RECORDS TO PROCESS:
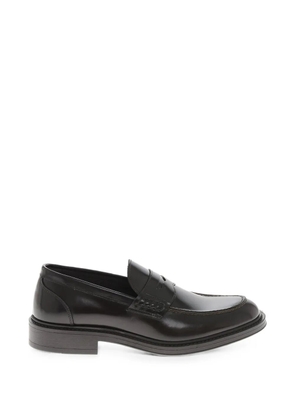 Amedeo Testoni polished leather penny loafers - Brown
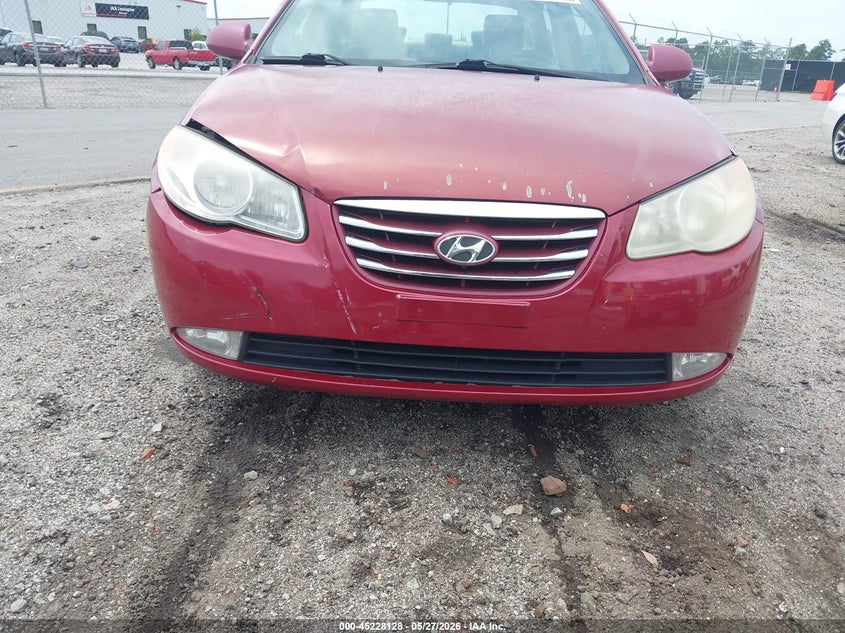 2010 Hyundai Elantra VIN KMHDU4AD3AU169997 IAAI salvage auction — FRONT END, Salvage (South Carolina), sold $400 on 2026-07-08 (photo 6)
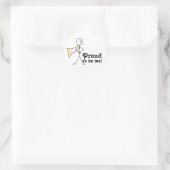 Stolz bin ich Pangender Pride Superheld Runder Aufkleber (Tasche)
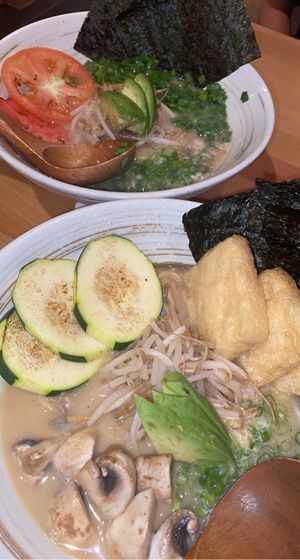 Michi vegetable ramen at Michi Ramen in Tampa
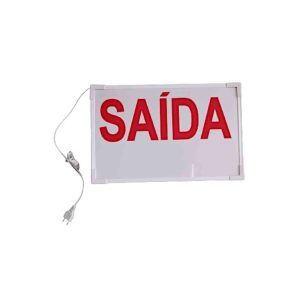 PLACA SAIDA AUTONOMA SIMPLES 50X32
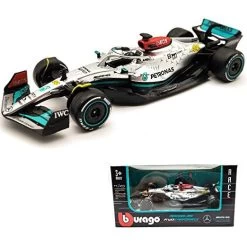 Bburago 1/43 Race 2022 F1 Mercedes-AMG W13 Hamilton -Toy Model Shop BC38065H
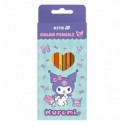 Олівці кольорові двосторонні Kite Kuromi HK25-054-2, 12 шт ( HK25-054-2 )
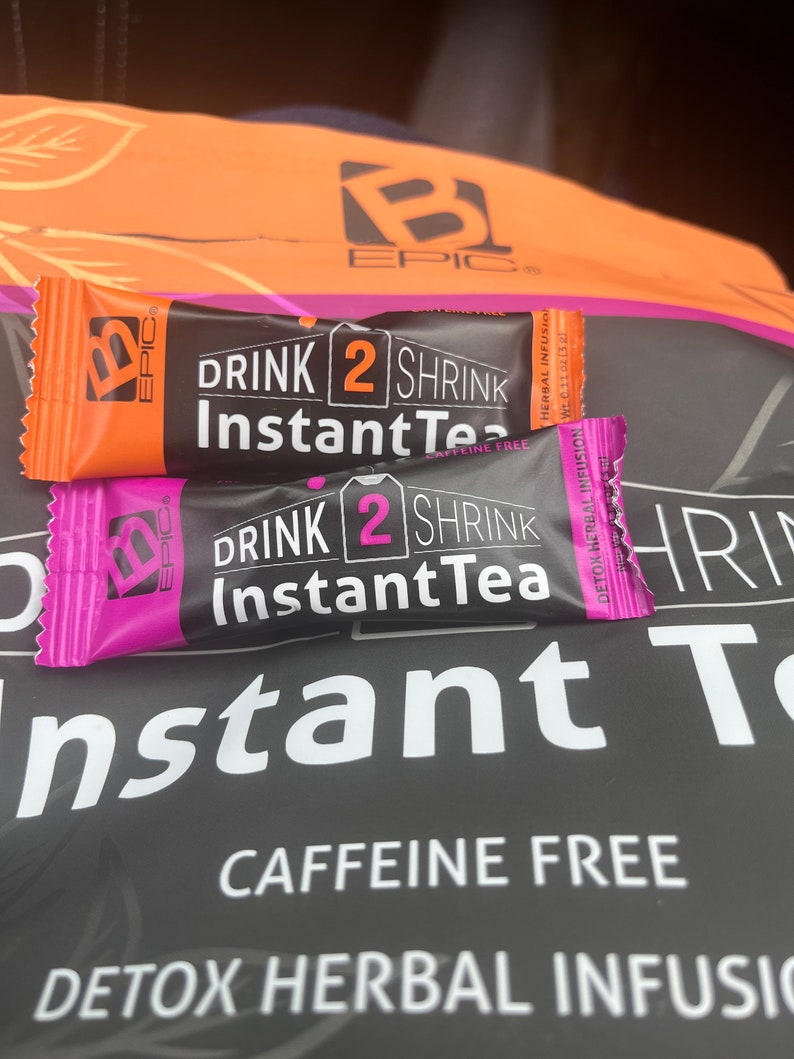 Drink 2 Shrink Instant Tea Mango / Fruit Punch Flavors no Medical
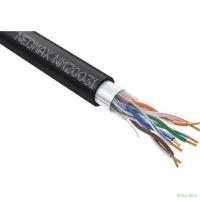 Кабель NEOMAX [NM20031] F/UTP cat.5e 4 пары (305 м) 0.52 мм (24 AWG) Медь, внешний, PE, черный;  Fluke Tested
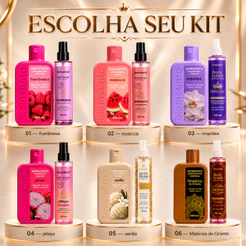 Kit Body Splash 130ml Hidratante Corporal 400ml Presente para mulher Escolha Sua Fragrância Bio Instinto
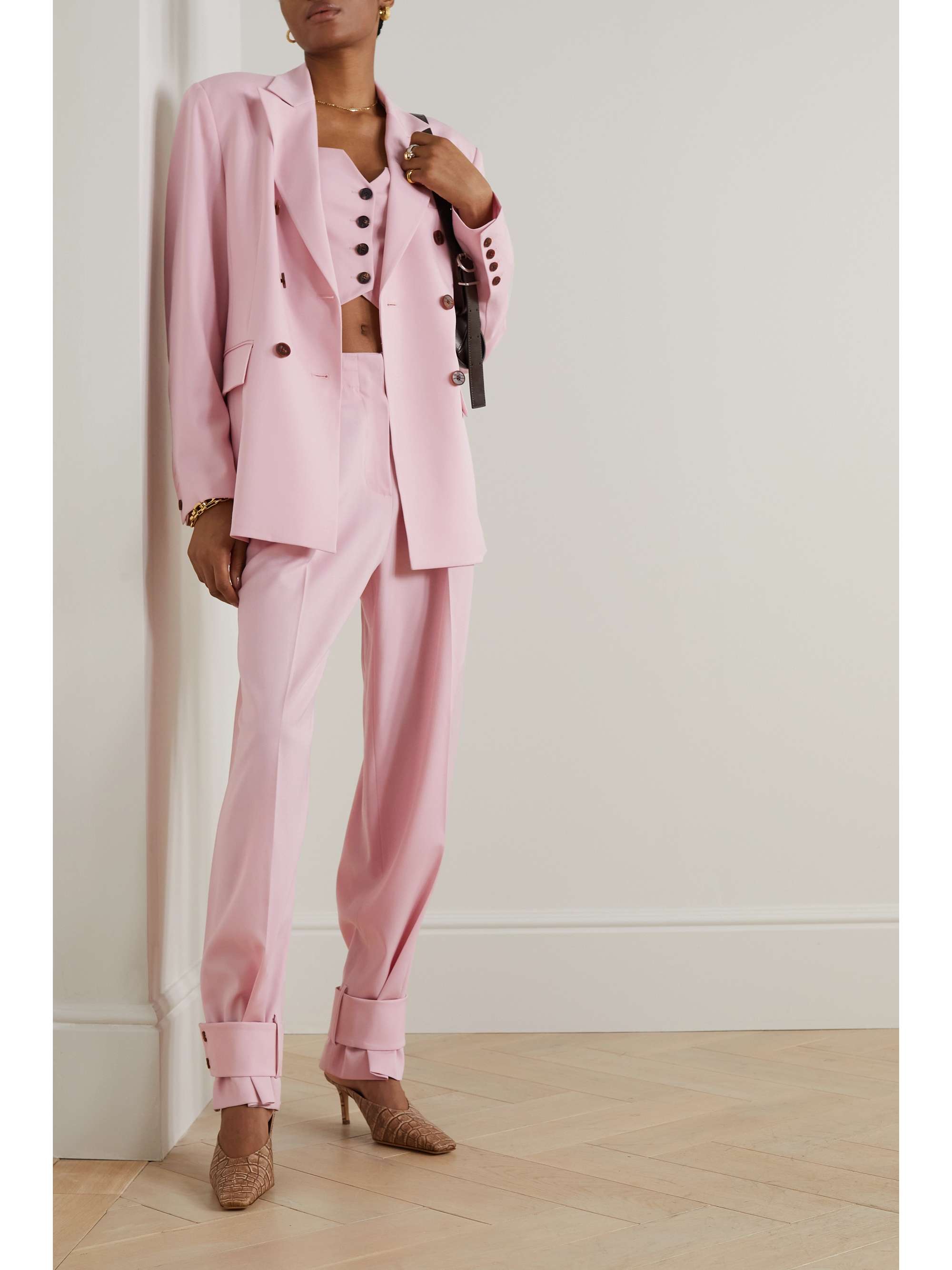 LVIR Oversized double-breasted twill blazer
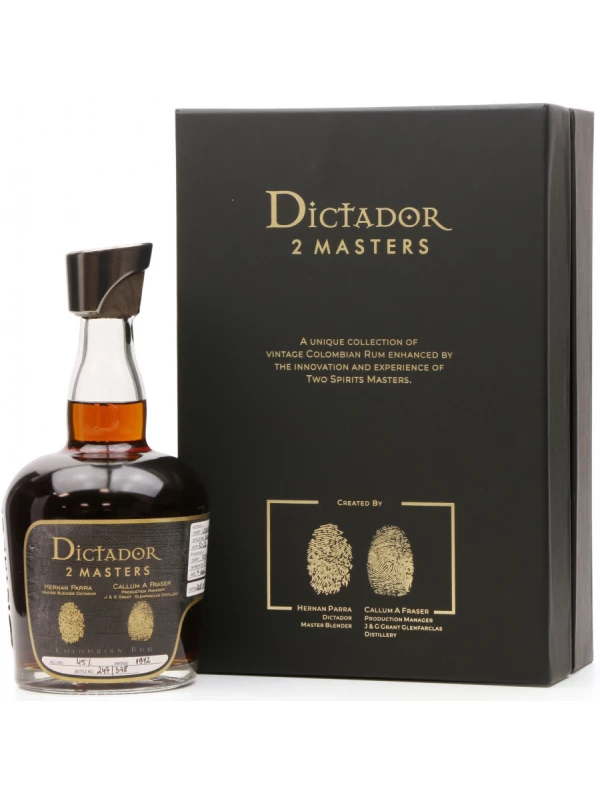 Dictador, 2 Masters Glenfarclas, gift box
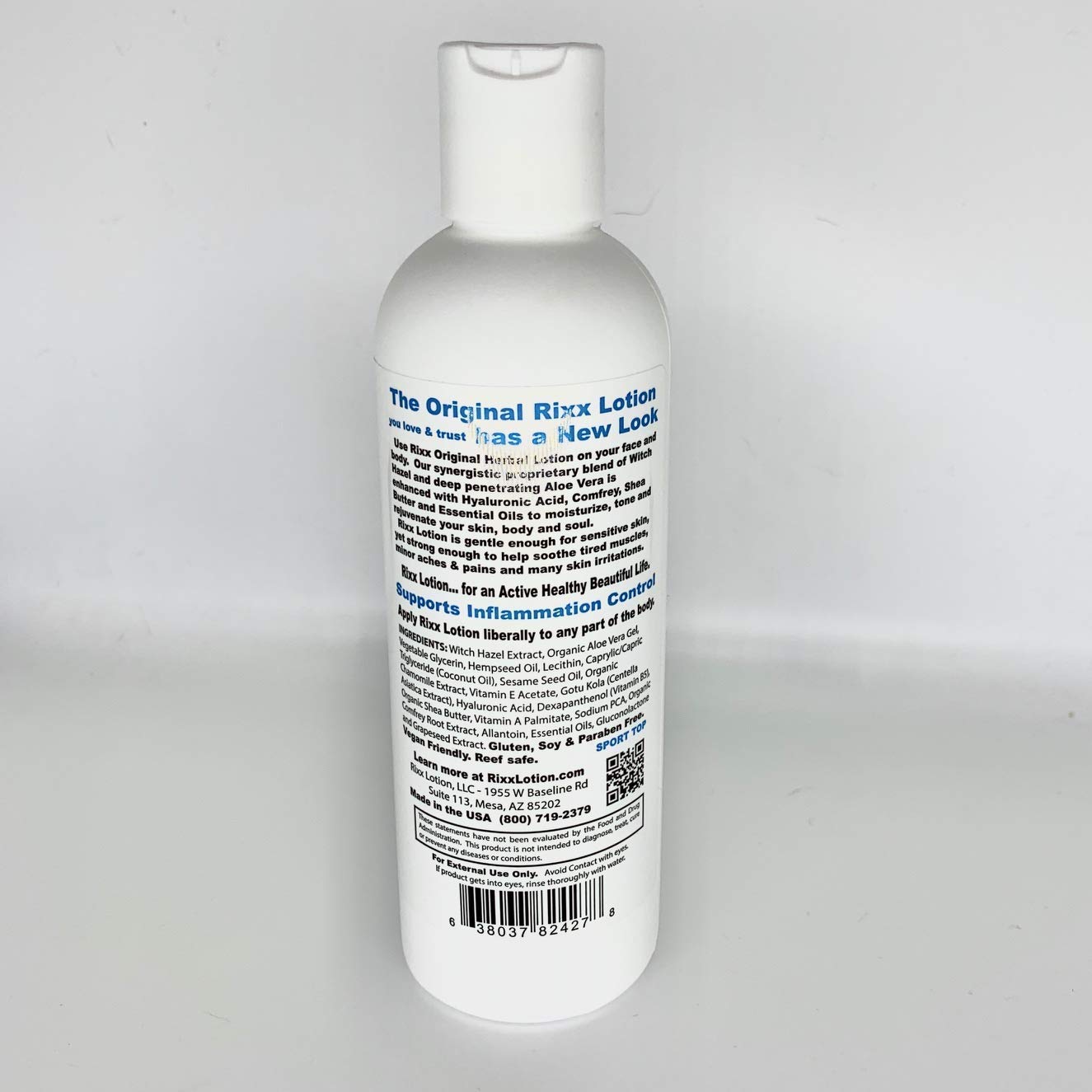 Rixx Lotion, Natural Herbal Lotion, Witch Hazel & Aloe Vera, 8 oz (227 g)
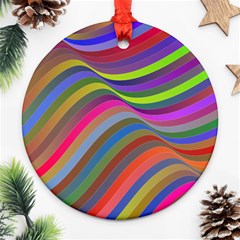 Psychedelic Surreal Background Ornament (round) by Askadina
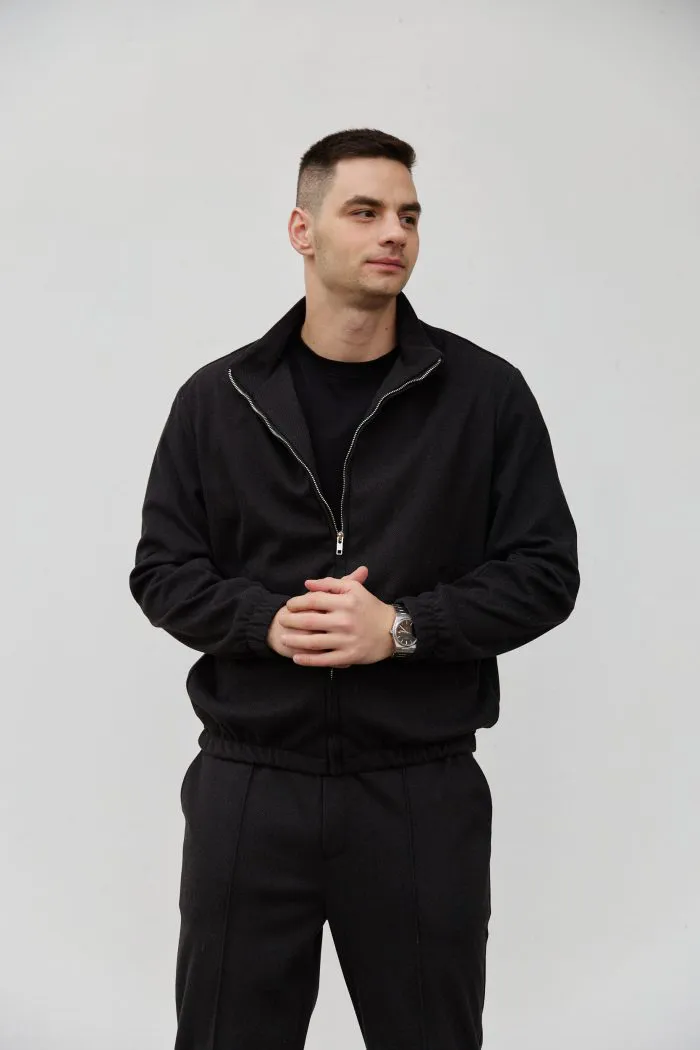 Костюм з кашеміру чоловічий чорний Фото - 5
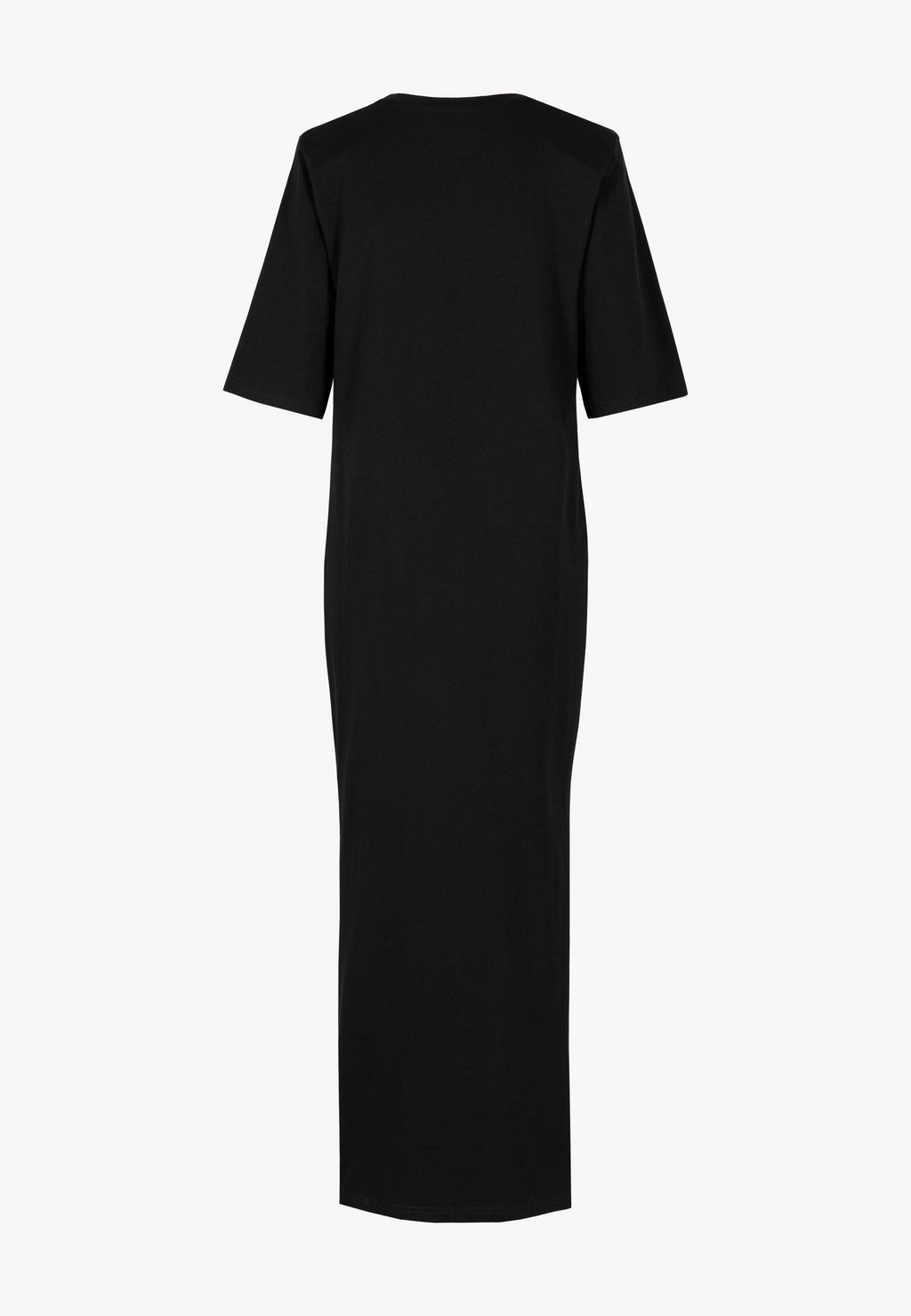 Czarna sukienka maxi z dzianiny JULISSA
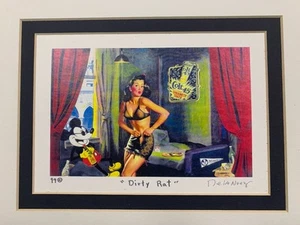 1999 De La Nunez Signed Print “Dirty Rat” Mickey Mouse Modern Pop Art -Banksy  - Picture 1 of 2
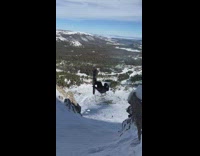 Man Front Flips from Elevated Slope then Fails 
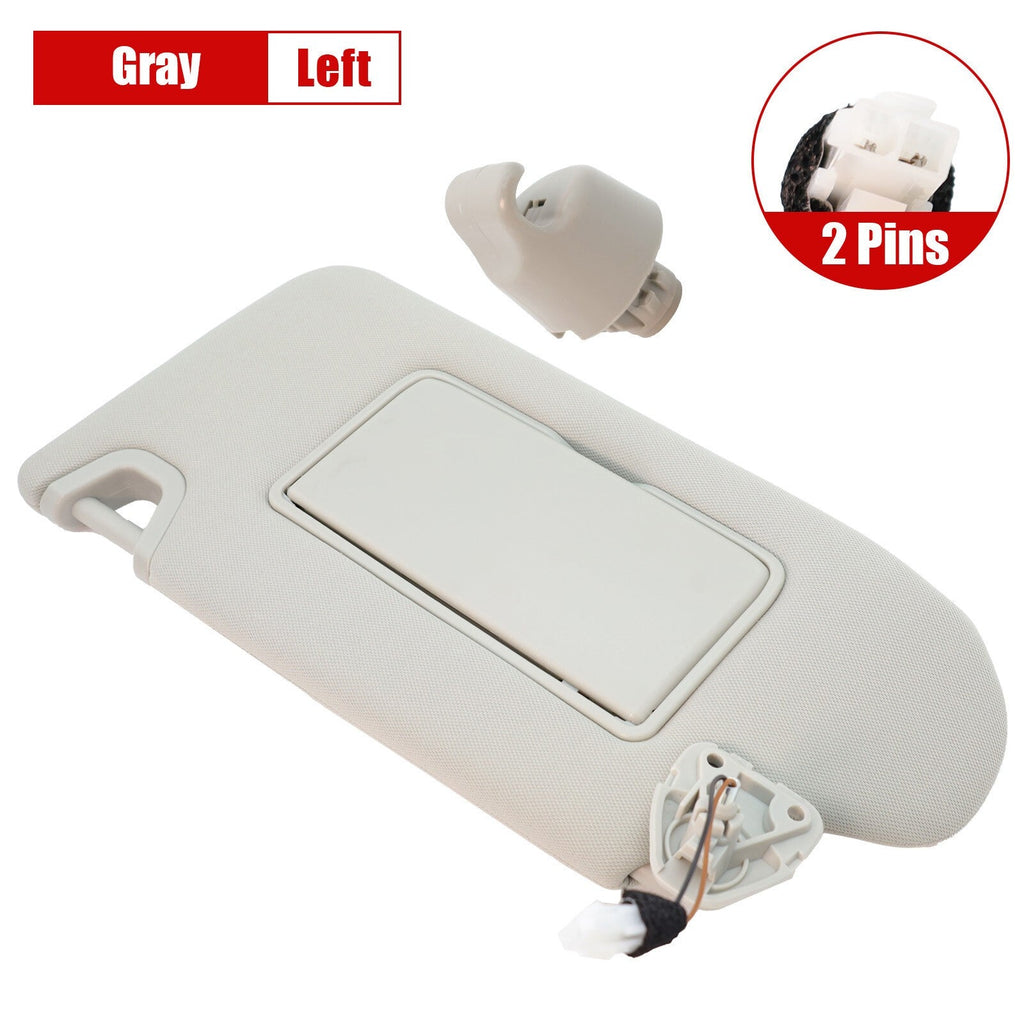 Nissan Altima 2013-2018 Gray Driver Side Sun Visor with Lamp & Clip 964013TA2A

DIRECTIONS FOR THIS TASK: A clean copy is needed of the lines above from the one with "PLACA SAIDA AUTONOMA SIMPLES 50X32" up to and including the one with "Man Front Flips". Please set it down exactly, with no pictures.

RESULT OF THE TASK:
 PLACA SAIDA AUTONOMA SIMPLES 50X32
 Bburago 1/43 Race 2022 F1 Mercedes-AMG W13 Hamilton -Toy Model Shop BC38065H
 Олівці кольорові двосторонні Kite Kuromi HK25-054-2, 12 шт ( HK25-054-2 )
 Drink 2 Shrink Instant Tea Mango / Fruit Punch Flavors no Medical
 Кабель NEOMAX [NM20031] F/UTP cat.5e 4 пары (305 м) 0.52 мм (24 AWG) Медь, внешний, PE, черный;  Fluke Tested
 Kit Body Splash 130ml Hidratante Corporal 400ml Presente para mulher Escolha Sua Fragrância Bio Instinto
 LVIR Oversized double-breasted twill blazer
 Dictador, 2 Masters Glenfarclas, gift box
 Rixx Lotion, Natural Herbal Lotion, Witch Hazel & Aloe Vera, 8 oz (227 g)
 Psychedelic Surreal Background Ornament (round) by Askadina
 Костюм з кашеміру чоловічий чорний Фото - 5
 Czarna sukienka maxi z dzianiny JULISSA
 1999 De La Nunez Signed Print “Dirty Rat” Mickey Mouse Modern Pop Art -Banksy  - Picture 1 of 2
 Man Front Flips from Elevated Slope then Fails 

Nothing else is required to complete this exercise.